Hands up those of you who have significantly reduced your intake of carbohydrates in recent times?
Let’s face it, you won’t be alone, as carbs have got a seriously bad rap over past years. In fact there is a real trend of low-carb diet after low-carb diet on the market. It would seem that we are almost being shamed into not eating them!
The truth is though, that carbohydrates are a primary energy source for the whole body and brain so avoiding this macronutrient can do more harm than good. In fact, research suggests that eliminating carbohydrates and replacing them with animal-based protein and fat sources is associated with a higher mortality risk.
What is the impact of no-carb diets?
When we stop eating carbs our body basically does not have enough sugar for energy. Obviously our body needs energy to function, so the body breaks down stored fats and protein. This process is called Ketosis.

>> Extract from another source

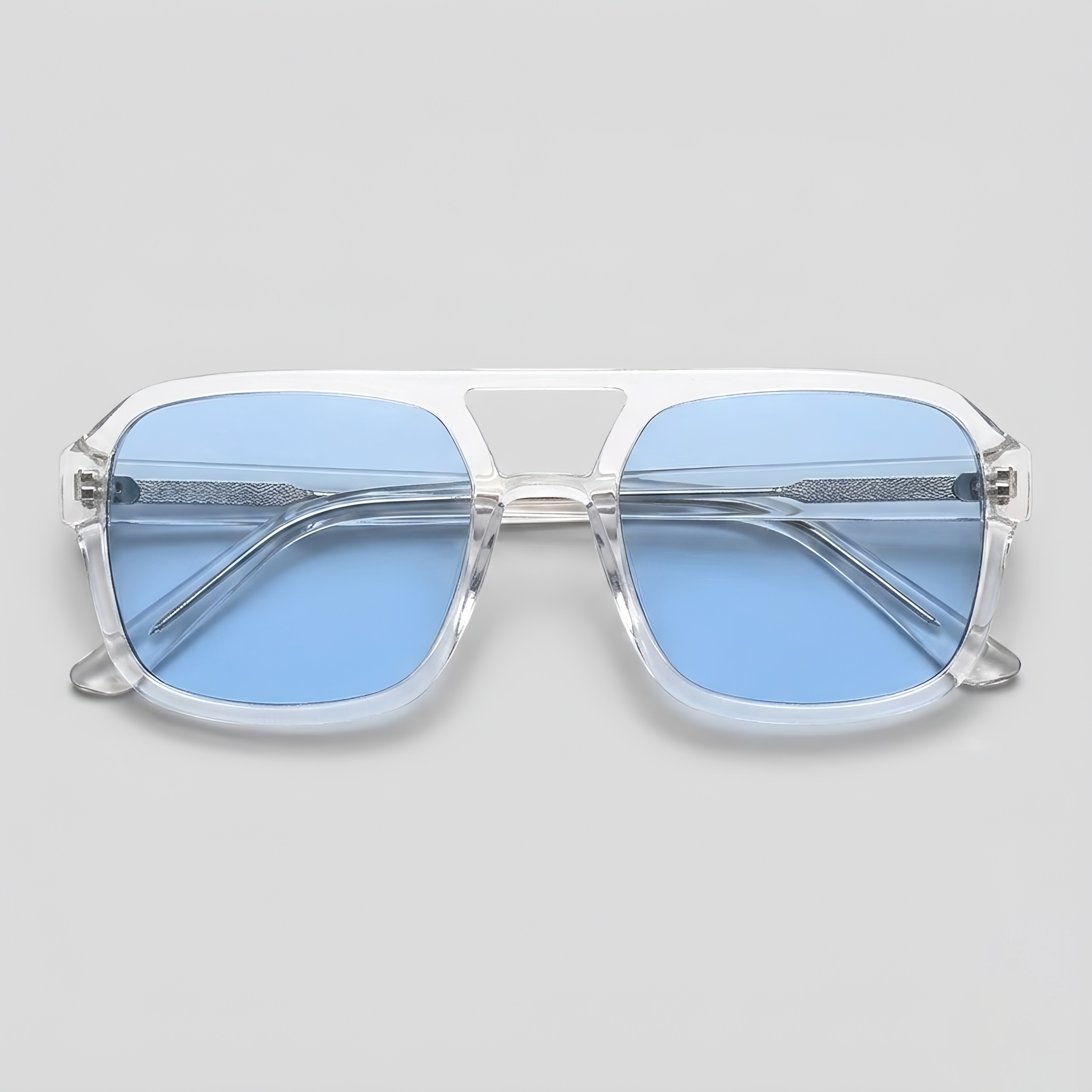 Vanguard Sky Blue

Isn’t that what we want though, I hear you cry?
Yes and no! While ketosis has a variety of health benefits, including weight loss and lower blood sugar levels, when the body stores too many ketones (acids produced as a byproduct of burning fat) the blood can become too acidic which over time can cause damage to the liver, kidneys and brain.
Signs of carbohydrate depletion can include:-
- Lethargy – When you use fat instead of glucose for energy you can often feel lightheaded, dizzy, weak and energy levels will be low.

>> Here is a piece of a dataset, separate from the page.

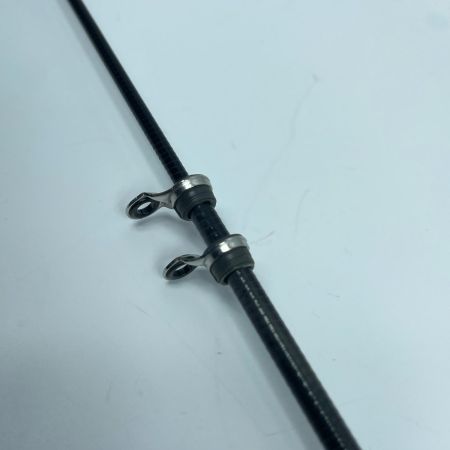 Fishman フィッシュマン ビームス XPAN 4.3LTS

- Mood – Cutting down on your carb intake may also cause nutrient deficiencies which can lead to frequent headaches and mood swings.
- Brain Fog – The brain starts to break down fatty acids as an alternative way to generate energy. This is a slower process and can cause difficulty in concentration.
- Constipation – Getting enough fiber in our diet is essential for healthy digestion. Fiber is a carbohydrate, so avoiding carbs can leave you feeling a little bunged up!
Time to take the smart approach
The U.S. Department of Agriculture’s Dietary Guidelines indicate that carbohydrates should constitute 45% to 65% of our daily calories.
So what type of carbs should we be looking for to meet these guidelines without impacting our waistline?
You need to look for complex carbohydrates. Whole grains, legumes and starchy vegetables take a long time to digest which in turn lowers the glycemic load.
Choose fiber-rich fruits, such as apples or berries and try and consume low fat varieties of dairy products.
Pair it the right way
Ensuring you pair the correct carbs with protein and fat will slow the rate of sugar absorption into the blood such as:-
- Greek yoghurt and berries.
- Bagel with roasted chicken.
- An apple with nut butter.
- Spaghetti with meat sauce.
- Raw veggies with hummus.
- Roasted sweet potatoes with a meat of your choice.
We are obviously all very different and our body responds in many different ways with regard to the types and percentages of nutrients we need. If in doubt, ask your doctor about the type of carbs you should be choosing to stay healthy and fit your lifestyle.